# [EXERCISE BRIEF]
Please retype the data below line for line and leave out every picture.
======== PROVIDED INFORMATION
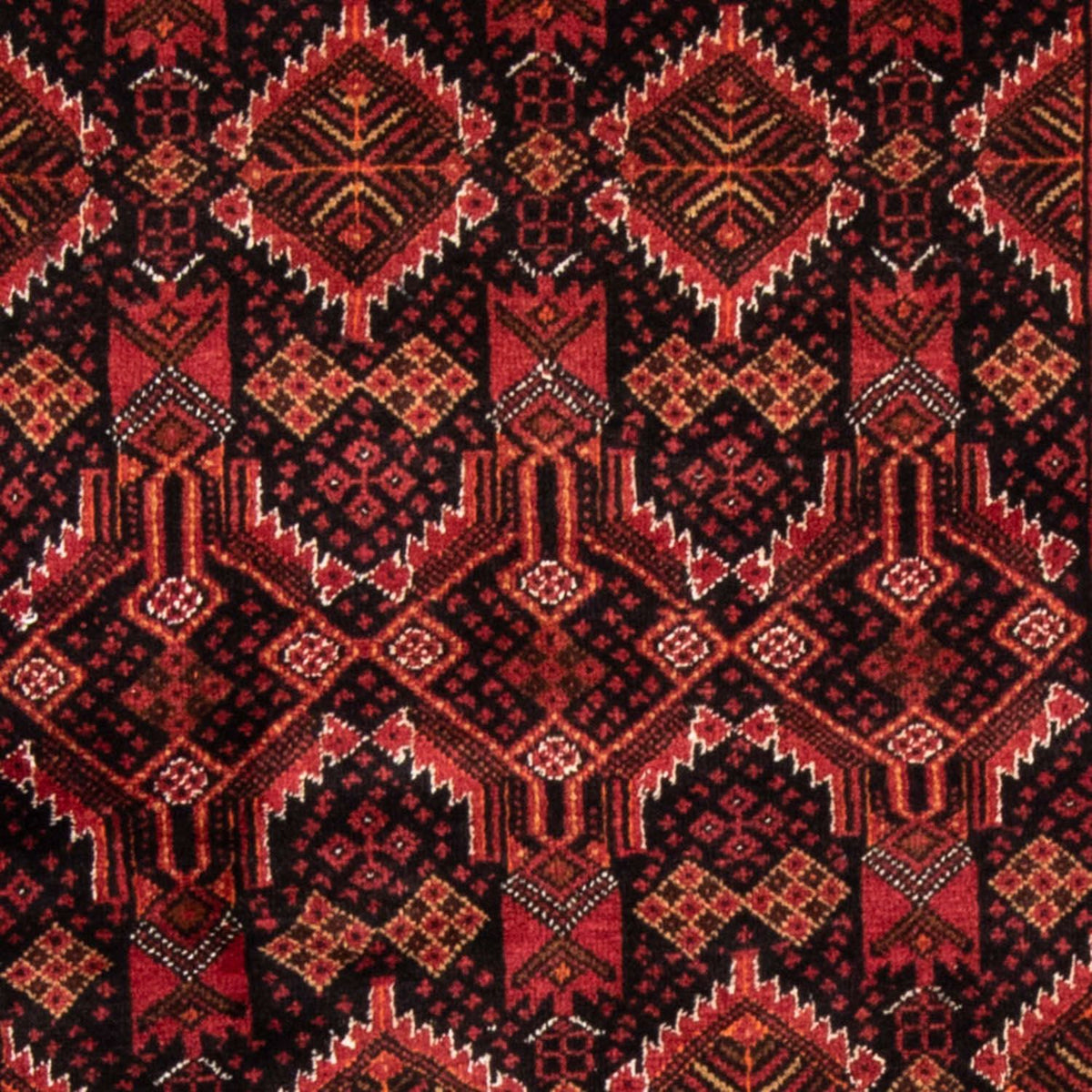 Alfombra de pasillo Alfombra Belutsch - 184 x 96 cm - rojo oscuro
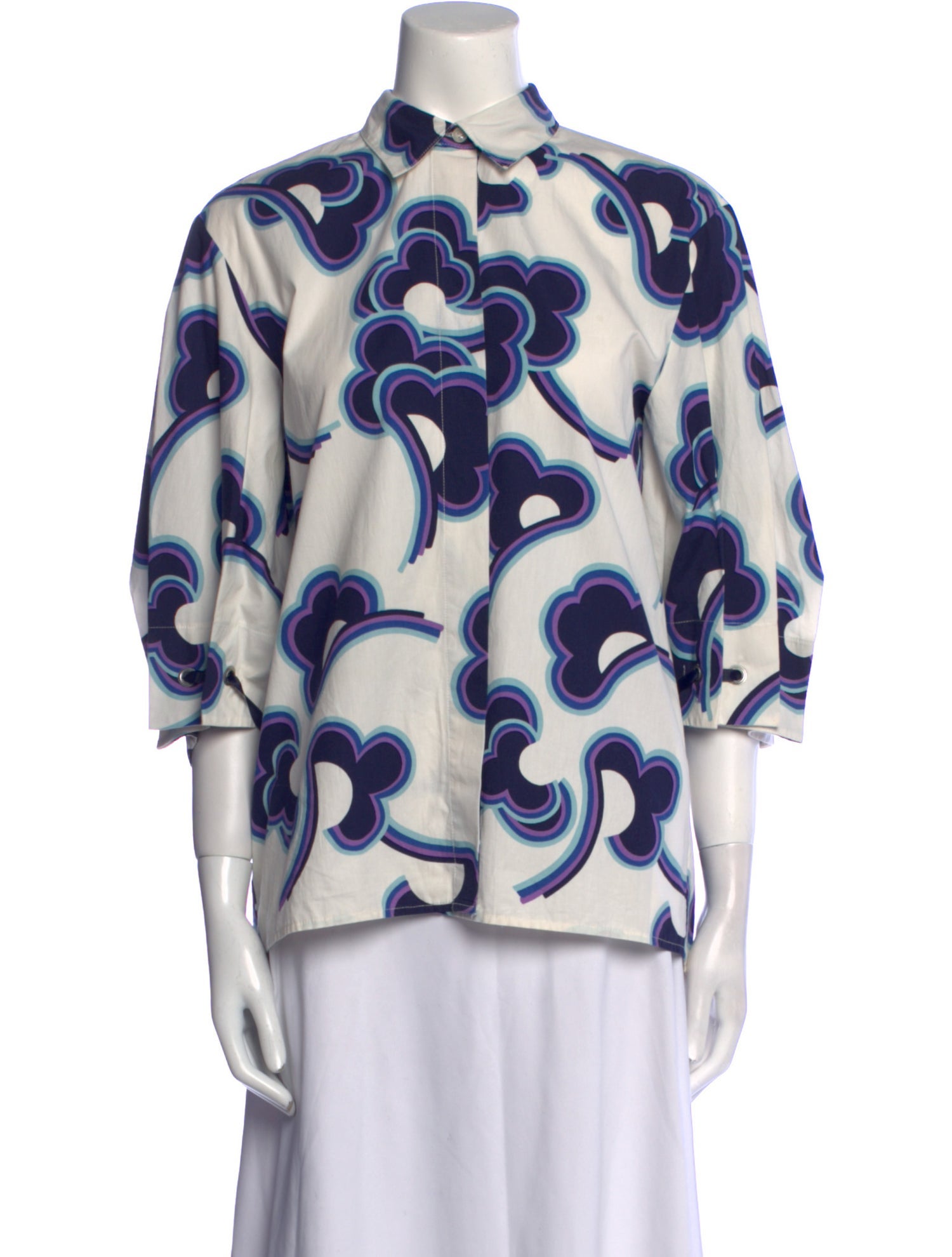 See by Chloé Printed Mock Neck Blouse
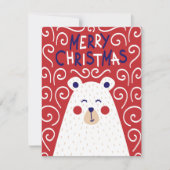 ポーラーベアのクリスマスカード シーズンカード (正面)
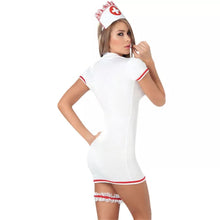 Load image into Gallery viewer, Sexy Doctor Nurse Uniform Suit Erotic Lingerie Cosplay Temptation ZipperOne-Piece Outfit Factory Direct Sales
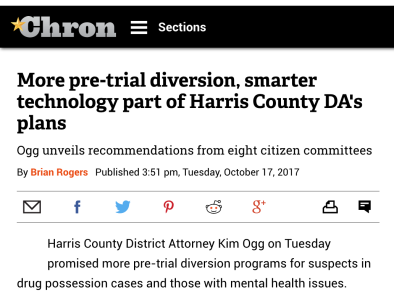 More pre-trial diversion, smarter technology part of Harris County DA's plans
================
# [TASK RESULT]
 Alfombra de pasillo Alfombra Belutsch - 184 x 96 cm - rojo oscuro
 See by Chloé Printed Mock Neck Blouse
 ポーラーベアのクリスマスカード シーズンカード (正面)
 Load image into Gallery viewer, Sexy Doctor Nurse Uniform Suit Erotic Lingerie Cosplay Temptation ZipperOne-Piece Outfit Factory Direct Sales
 More pre-trial diversion, smarter technology part of Harris County DA's plans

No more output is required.